Now, let's build a lightweight user interface around our API. We will start by writing a simple header section for our app with an arbitrary image:

```python
import io

import numpy as np
import requests
import streamlit as st
from PIL import Image

API_ENDPOINT = "https://pet-pawpularity.herokuapp.com/predict"

# Create the header page content
st.title("Pet Pawpularity Prediction App")
st.markdown(
    "### Predict the popularity of your cat or dog with machine learning",
    unsafe_allow_html=True,
)
# Upload a simple cover image
with open("data/app_image.jpg", "rb") as f:
    st.image(f.read(), use_column_width=True)

st.text("Grab a picture of your pet or upload an image to get a Pawpularity score.")
```

Next, we define the core functionality. We will create a function that gets a cuteness score by sending a request to our API:

In [3]:
def predict(img):
    """
    A function that sends a prediction request to the API and return a cuteness score.
    """
    # Convert the bytes image to a NumPy array
    bytes_image = img.getvalue()
    numpy_image_array = np.array(Image.open(io.BytesIO(bytes_image)))

    # Send the image to the API
    response = requests.post(
        API_ENDPOINT,
        headers={"content-type": "text/plain"},
        data=str(numpy_image_array),
    )

    if response.status_code == 200:
        return response.text
    else:
        raise Exception("Status: {}".format(response.status_code))

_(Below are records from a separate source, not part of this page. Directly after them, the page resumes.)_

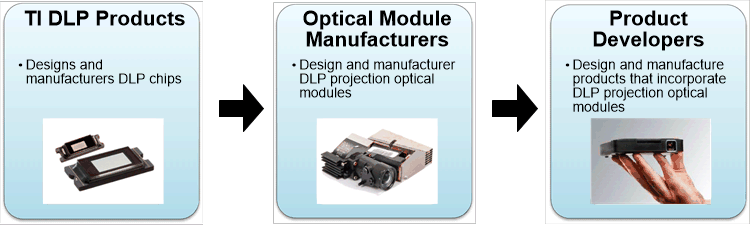 DLP2000, DLP2010, DLP230NP, DLP3010 Supply Chain from TI DLP Chip
                    to Product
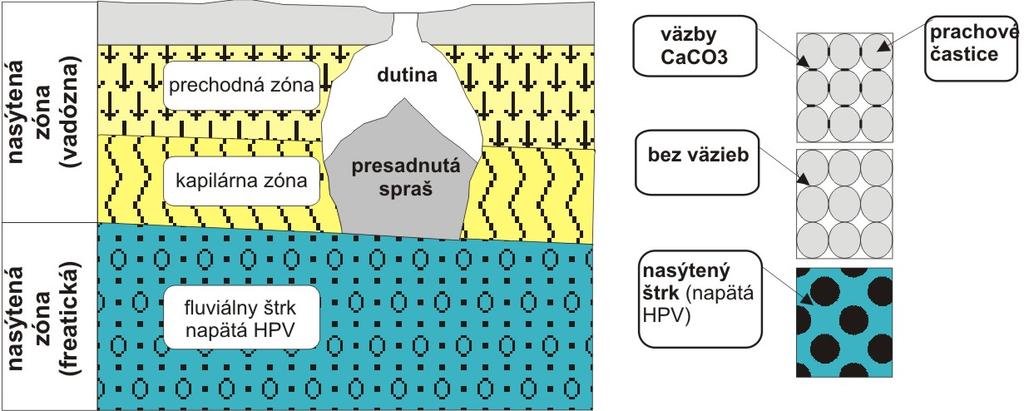 Tab...: Hodnoty fyzikálnych vlastností a G klasifikácia zemín Hĺbka Vlhkosť Konzistenčné ndex ndex Konzistencia uhličitanov Obsah Trieda Symbol medze plasticity konzistencie Sonda h w n w L w C O u m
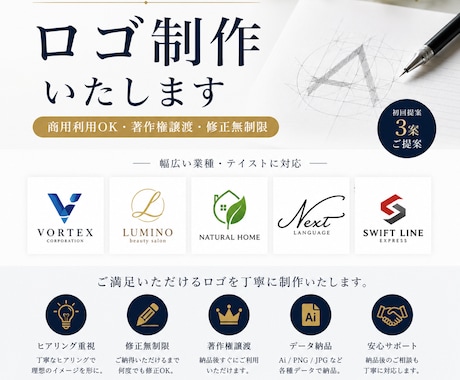 修正無制限！オリジナルロゴ制作します 想いをカタチに。ブランド価値を高めるロゴを制作いたします。 イメージ1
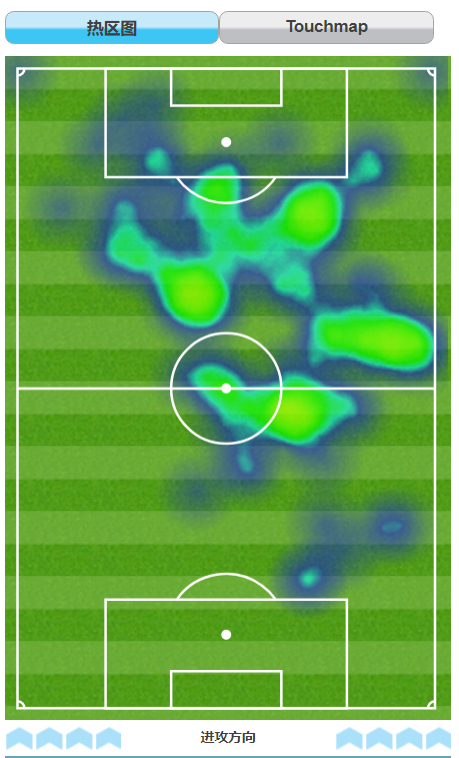 战皇马梅西活动热图：在中场比例很大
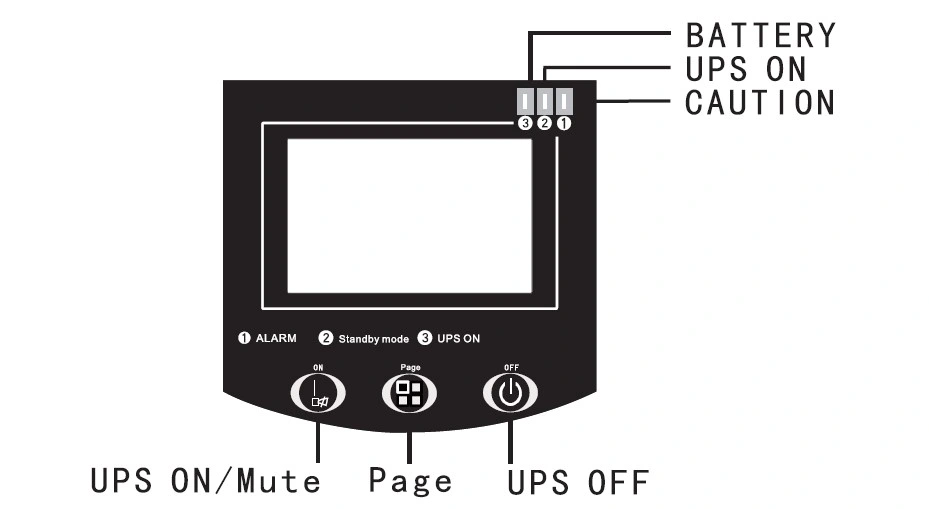 Tower Online High Frequency UPS with Battery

Images uploaded to Streamlit apps will have a 'BytesIO' format, so we need to convert them to a NumPy array first. Lines 6-7 accomplish this. The rest is fairly self-explanatory.

Now, we create two image input components - one for file uploads and another for a web-cam input:

```python
def main():
    img_file = st.file_uploader("Upload an image", type=["jpg", "png"])
    if img_file is not None:

        with st.spinner("Predicting..."):
            prediction = float(predict(img_file).strip("[").strip("]"))
            st.success(f"Your pet's cuteness score is {prediction:.3f}")

    camera_input = st.camera_input("Or take a picture")
    if camera_input is not None:

        with st.spinner("Predicting..."):
            prediction = float(predict(camera_input).strip("[").strip("]"))
            st.success(f"Your pet's cuteness score is {prediction:.3f}")

if __name__ == "__main__":
    main()
```



When used, both of these components will display a simple animation for standby and then returns a cuteness score. Here is our app in action:

![](images/app_demo.gif)

Now, after you've pushed these changes to GitHub, you can deploy your app online by going to https://share.streamlit.io/deploy:

![image.png](attachment:e555f0b4-43ee-4a24-9776-85c299cedc31.png)

Here is my deployed app: https://share.streamlit.io/bextuychiev/pet_pawpularity/ui/src/ui.py

### Conclusion

Congratulations! You've just built an entire image application with an awesome UI for all users and its own API for your programmer friends or teammates.